- _Work to complete_:
Please reproduce every entry below without omitting a single line.

- _Records provided_:
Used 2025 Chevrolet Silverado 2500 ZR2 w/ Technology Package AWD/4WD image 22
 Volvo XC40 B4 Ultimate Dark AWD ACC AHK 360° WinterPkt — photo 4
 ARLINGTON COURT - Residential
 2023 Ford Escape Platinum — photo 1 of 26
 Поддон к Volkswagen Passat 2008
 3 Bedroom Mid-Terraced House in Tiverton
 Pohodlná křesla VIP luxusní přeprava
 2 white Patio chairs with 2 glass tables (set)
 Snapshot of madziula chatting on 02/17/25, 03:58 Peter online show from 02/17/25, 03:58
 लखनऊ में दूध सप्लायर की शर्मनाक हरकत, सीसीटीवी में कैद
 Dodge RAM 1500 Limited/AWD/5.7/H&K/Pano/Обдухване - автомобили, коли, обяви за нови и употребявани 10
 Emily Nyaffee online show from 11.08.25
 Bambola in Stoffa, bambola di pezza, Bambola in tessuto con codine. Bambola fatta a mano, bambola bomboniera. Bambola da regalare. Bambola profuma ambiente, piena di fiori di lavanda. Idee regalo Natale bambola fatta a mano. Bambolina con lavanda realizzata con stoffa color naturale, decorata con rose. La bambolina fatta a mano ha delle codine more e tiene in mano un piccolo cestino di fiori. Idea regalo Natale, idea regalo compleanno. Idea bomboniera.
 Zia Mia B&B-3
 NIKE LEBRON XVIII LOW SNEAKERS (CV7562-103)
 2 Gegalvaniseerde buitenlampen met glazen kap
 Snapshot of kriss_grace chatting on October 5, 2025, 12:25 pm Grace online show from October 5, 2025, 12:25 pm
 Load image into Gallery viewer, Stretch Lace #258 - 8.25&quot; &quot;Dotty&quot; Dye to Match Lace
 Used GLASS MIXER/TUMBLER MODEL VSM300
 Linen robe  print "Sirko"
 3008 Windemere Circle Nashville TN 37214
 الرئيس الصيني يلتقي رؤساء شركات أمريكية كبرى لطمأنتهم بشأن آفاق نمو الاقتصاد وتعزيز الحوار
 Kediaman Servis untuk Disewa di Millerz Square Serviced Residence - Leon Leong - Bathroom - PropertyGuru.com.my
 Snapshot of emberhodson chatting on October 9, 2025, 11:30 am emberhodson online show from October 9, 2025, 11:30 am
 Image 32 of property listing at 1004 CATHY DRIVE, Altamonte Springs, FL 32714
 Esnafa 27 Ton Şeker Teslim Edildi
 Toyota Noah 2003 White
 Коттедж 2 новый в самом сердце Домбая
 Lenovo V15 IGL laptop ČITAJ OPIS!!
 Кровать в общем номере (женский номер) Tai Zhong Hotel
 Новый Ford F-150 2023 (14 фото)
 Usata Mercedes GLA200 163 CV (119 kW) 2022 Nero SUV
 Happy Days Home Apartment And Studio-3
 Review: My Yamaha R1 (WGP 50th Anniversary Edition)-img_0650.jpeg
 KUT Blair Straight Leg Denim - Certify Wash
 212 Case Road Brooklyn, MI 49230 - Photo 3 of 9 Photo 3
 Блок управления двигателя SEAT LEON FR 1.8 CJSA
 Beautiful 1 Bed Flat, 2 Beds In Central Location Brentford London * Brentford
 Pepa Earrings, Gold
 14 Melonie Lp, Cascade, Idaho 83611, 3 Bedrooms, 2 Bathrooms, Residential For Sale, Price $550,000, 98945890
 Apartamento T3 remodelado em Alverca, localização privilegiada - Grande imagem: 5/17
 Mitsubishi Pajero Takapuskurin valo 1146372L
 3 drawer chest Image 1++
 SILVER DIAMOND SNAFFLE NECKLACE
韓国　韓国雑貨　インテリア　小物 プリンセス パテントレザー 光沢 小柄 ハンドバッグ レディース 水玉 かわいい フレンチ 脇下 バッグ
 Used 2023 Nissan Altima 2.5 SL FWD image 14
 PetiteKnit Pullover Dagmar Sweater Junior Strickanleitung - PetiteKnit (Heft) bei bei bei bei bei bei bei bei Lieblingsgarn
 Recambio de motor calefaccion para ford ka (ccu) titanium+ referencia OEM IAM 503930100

- _Solution for this task_:
Used 2025 Chevrolet Silverado 2500 ZR2 w/ Technology Package AWD/4WD image 22
 Volvo XC40 B4 Ultimate Dark AWD ACC AHK 360° WinterPkt — photo 4
 ARLINGTON COURT - Residential
 2023 Ford Escape Platinum — photo 1 of 26
 Поддон к Volkswagen Passat 2008
 3 Bedroom Mid-Terraced House in Tiverton
 Pohodlná křesla VIP luxusní přeprava
 2 white Patio chairs with 2 glass tables (set)
 Snapshot of madziula chatting on 02/17/25, 03:58 Peter online show from 02/17/25, 03:58
 लखनऊ में दूध सप्लायर की शर्मनाक हरकत, सीसीटीवी में कैद
 Dodge RAM 1500 Limited/AWD/5.7/H&K/Pano/Обдухване - автомобили, коли, обяви за нови и употребявани 10
 Emily Nyaffee online show from 11.08.25
 Bambola in Stoffa, bambola di pezza, Bambola in tessuto con codine. Bambola fatta a mano, bambola bomboniera. Bambola da regalare. Bambola profuma ambiente, piena di fiori di lavanda. Idee regalo Natale bambola fatta a mano. Bambolina con lavanda realizzata con stoffa color naturale, decorata con rose. La bambolina fatta a mano ha delle codine more e tiene in mano un piccolo cestino di fiori. Idea regalo Natale, idea regalo compleanno. Idea bomboniera.
 Zia Mia B&B-3
 NIKE LEBRON XVIII LOW SNEAKERS (CV7562-103)
 2 Gegalvaniseerde buitenlampen met glazen kap
 Snapshot of kriss_grace chatting on October 5, 2025, 12:25 pm Grace online show from October 5, 2025, 12:25 pm
 Load image into Gallery viewer, Stretch Lace #258 - 8.25&quot; &quot;Dotty&quot; Dye to Match Lace
 Used GLASS MIXER/TUMBLER MODEL VSM300
 Linen robe  print "Sirko"
 3008 Windemere Circle Nashville TN 37214
 الرئيس الصيني يلتقي رؤساء شركات أمريكية كبرى لطمأنتهم بشأن آفاق نمو الاقتصاد وتعزيز الحوار
 Kediaman Servis untuk Disewa di Millerz Square Serviced Residence - Leon Leong - Bathroom - PropertyGuru.com.my
 Snapshot of emberhodson chatting on October 9, 2025, 11:30 am emberhodson online show from October 9, 2025, 11:30 am
 Image 32 of property listing at 1004 CATHY DRIVE, Altamonte Springs, FL 32714
 Esnafa 27 Ton Şeker Teslim Edildi
 Toyota Noah 2003 White
 Коттедж 2 новый в самом сердце Домбая
 Lenovo V15 IGL laptop ČITAJ OPIS!!
 Кровать в общем номере (женский номер) Tai Zhong Hotel
 Новый Ford F-150 2023 (14 фото)
 Usata Mercedes GLA200 163 CV (119 kW) 2022 Nero SUV
 Happy Days Home Apartment And Studio-3
 Review: My Yamaha R1 (WGP 50th Anniversary Edition)-img_0650.jpeg
 KUT Blair Straight Leg Denim - Certify Wash
 212 Case Road Brooklyn, MI 49230 - Photo 3 of 9 Photo 3
 Блок управления двигателя SEAT LEON FR 1.8 CJSA
 Beautiful 1 Bed Flat, 2 Beds In Central Location Brentford London * Brentford
 Pepa Earrings, Gold
 14 Melonie Lp, Cascade, Idaho 83611, 3 Bedrooms, 2 Bathrooms, Residential For Sale, Price $550,000, 98945890
 Apartamento T3 remodelado em Alverca, localização privilegiada - Grande imagem: 5/17
 Mitsubishi Pajero Takapuskurin valo 1146372L
 3 drawer chest Image 1++
 SILVER DIAMOND SNAFFLE NECKLACE
韓国　韓国雑貨　インテリア　小物 プリンセス パテントレザー 光沢 小柄 ハンドバッグ レディース 水玉 かわいい フレンチ 脇下 バッグ
 Used 2023 Nissan Altima 2.5 SL FWD image 14
 PetiteKnit Pullover Dagmar Sweater Junior Strickanleitung - PetiteKnit (Heft) bei bei bei bei bei bei bei bei Lieblingsgarn
 Recambio de motor calefaccion para ford ka (ccu) titanium+ referencia OEM IAM 503930100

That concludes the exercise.